We walked down the narrow forest path shaded with mighty Deodars and pines listening to the bird-songs. The sun was still high up but it was a very pleasant day. A lot of women passed us carrying firewood on their heads. We didn’t venture towards Ashoka Hall Girls School and skipped the Himalayan Village school too. We had seen them before. Majhkali too has got some new resorts but the place still looks as picturesque as before. Cloaked in mist, covered in a blanket of snow or brilliantly lit in the early summer sun, Majhkhali is any day a better option than the nearby towns for a quiet stay.
At Kalika Estate we stopped for lunch at the Windsor Lodge, a welcome heritage property. The original Windsor Lodge was a hunting lodge that was gutted in fire around 1948. It was renovated and raised from ashes almost half a century later.
The property is situated on a hillock surrounded by trees and offers great views of the snow peaks, tall pines and cedars and the golf course. We had a sumptuous meal at their coffee shop and soaked in the history that the place displayed.
The lush green Kalika golf course is so refreshing to the eyes. Flanked on all sides by the pine trees the place is perfect to relax. The water bodies were dry and some horses and mares had found them to be best grazing grounds oblivious to the presence of a few senior citizens playing golf under the summer sky.
We watched the game for a while then headed back to the cantonment for a nap. We have always been travellers in search for solace. walking down the nondescript mountain trails, sitting at the edge of a rock overlooking the valley or just laying on the back under the tall pine trees taking in the changing sky and listening to the music of the wind.
In the evening we ambled through the thandi sadak in the cantonment area. One can see the red rooftops of the houses and little shops of the sadar bazaar from some points but mostly the road is shaded by trees and quiet. This road has been a constant feature of all our trips to Ranikhet. As we walked past school children, village elders and a bunch of army commandoes doing their daily jog we remembered how on one occasion Adi and I climbed up to thandi sadak very early on a rainy morning just to eat the delicious éclairs and cream rolls at the Pathak bakery.
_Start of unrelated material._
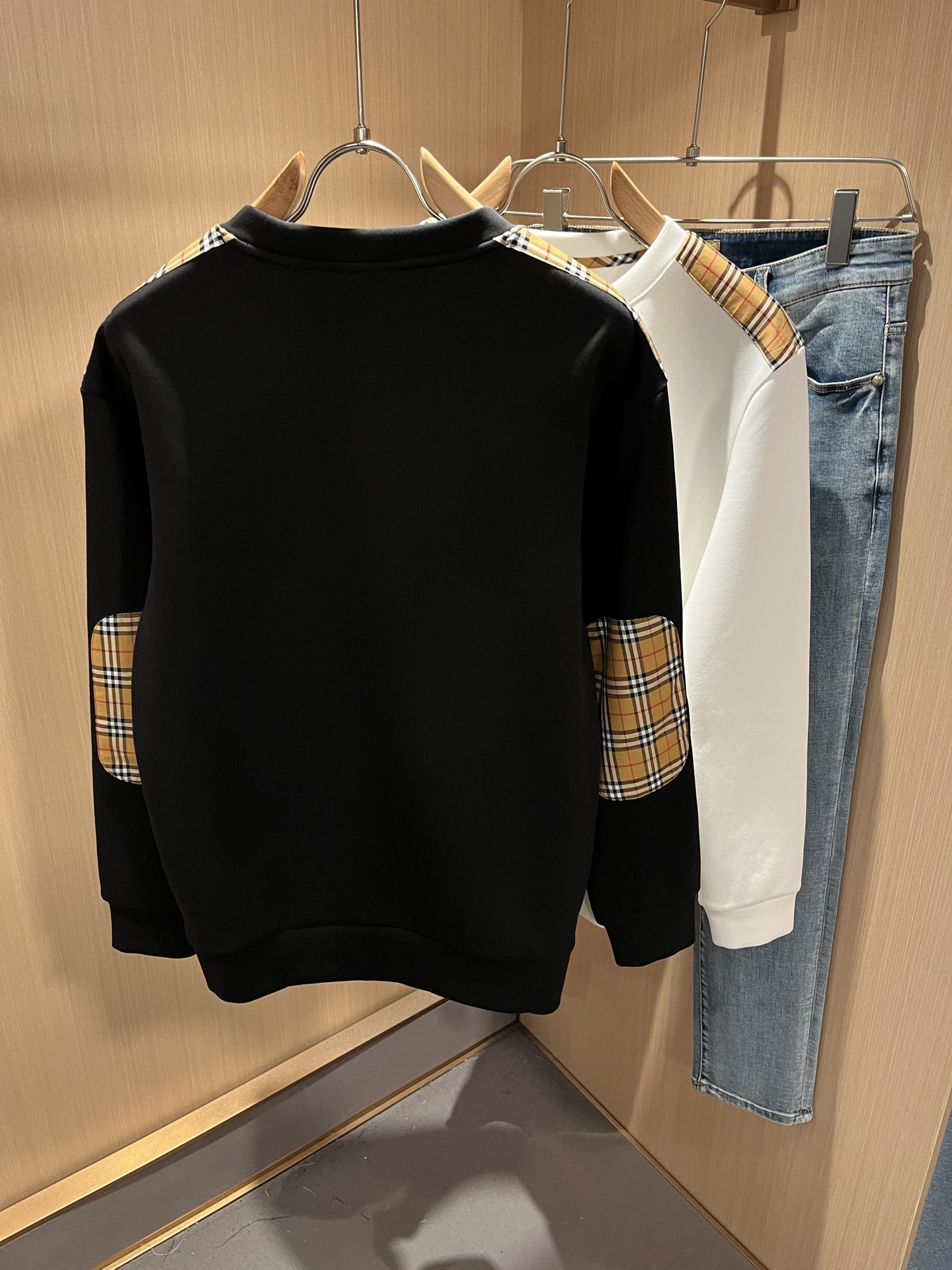 BURBER*Y巴*莉 2025秋冬新款男女同款👫基础休闲百搭棉质圆领卫衣，男女同款卫衣！贸易公司渠道稀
Pathak Bakery is a small shop run by an ex-army person and apart from chocolate éclairs and cream rolls he keeps oven baked biscuits, pastries and other things. Our last meal that night was at the Ranikhet Inn. Delicious and simple.
While returning to our holiday home cottage the night surprised us with an enchanting view of the valley. The entire valley was dotted with lights that looked like fireflies. Unlike the other hill towns like Shimla and Mussoorie here the valley is sparsely lit and looks divine. We stopped to take in this beautiful view of our last night in Ranikhet. Unfortunately we weren’t carrying any camera to capture the view. A hoot of an owl echoed through the silence of the night as we took a narrow turn on a motorable trail towards our cottage. It was time to fold and tuck the memories under the pillow and let the sleep take over.
Early next morning after breakfast we drove towards our next destination Naukuchiatal. We decided to make it our base to explore the nearby lake towns of Saat tal, Bhimtal and surrounding areas. You can read about it in the next post.
As we bid adieu to Ranikhet I made a promise to myself to come back in October and stay outside the town for a few days of wonder and peace all by myself. It is a town I would love to settle down in. Let us say what the universe has planned and go with the flow.
In the next post we will travel across the lake towns and see what beauties it opens up for us.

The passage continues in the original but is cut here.